# Assignment
Your copy of the entries below should hold exactly the lines from the one containing "Pánská crossbody taška" to the one containing "Rouhani rejects talks, says", inclusive, and no pictures.

# Material for this exercise
● ● ●

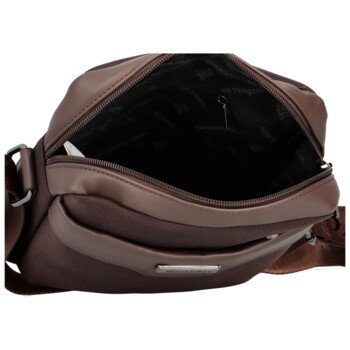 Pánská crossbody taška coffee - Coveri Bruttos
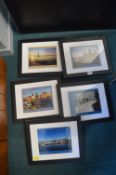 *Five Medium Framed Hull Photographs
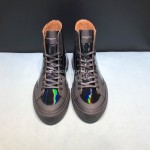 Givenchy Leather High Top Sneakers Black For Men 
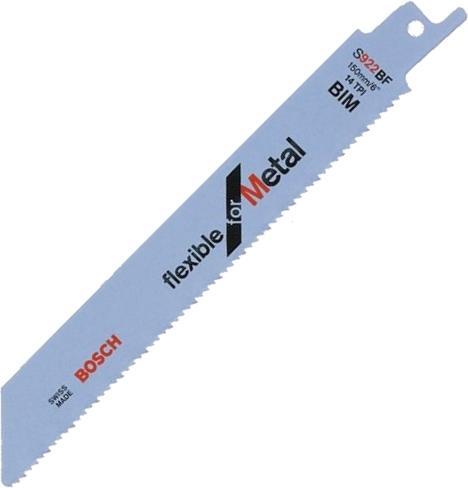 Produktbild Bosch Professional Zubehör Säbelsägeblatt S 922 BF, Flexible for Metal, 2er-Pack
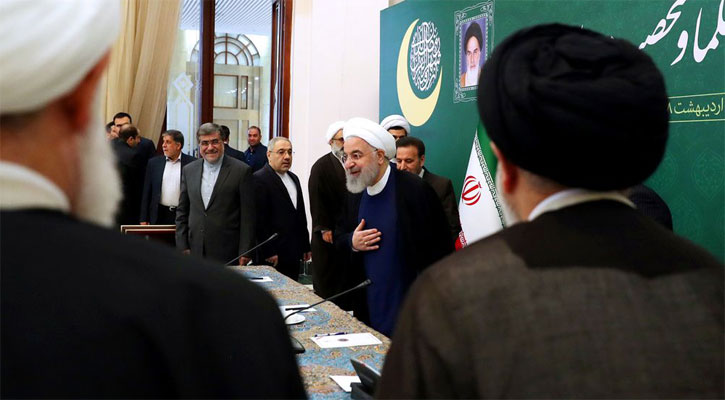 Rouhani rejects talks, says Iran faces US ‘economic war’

● ● ●

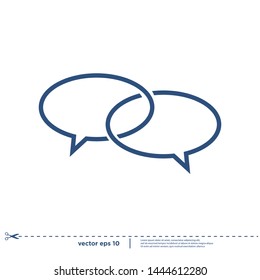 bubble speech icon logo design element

● ● ●

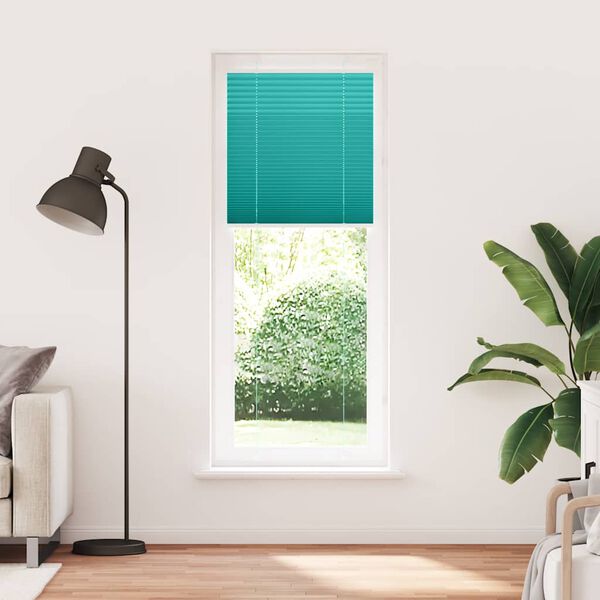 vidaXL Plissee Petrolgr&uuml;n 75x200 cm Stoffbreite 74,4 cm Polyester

● ● ●

# Task result
 Pánská crossbody taška coffee - Coveri Bruttos
 *Five Medium Framed Hull Photographs
 Givenchy Leather High Top Sneakers Black For Men 
 Produktbild Bosch Professional Zubehör Säbelsägeblatt S 922 BF, Flexible for Metal, 2er-Pack
 Rouhani rejects talks, says Iran faces US ‘economic war’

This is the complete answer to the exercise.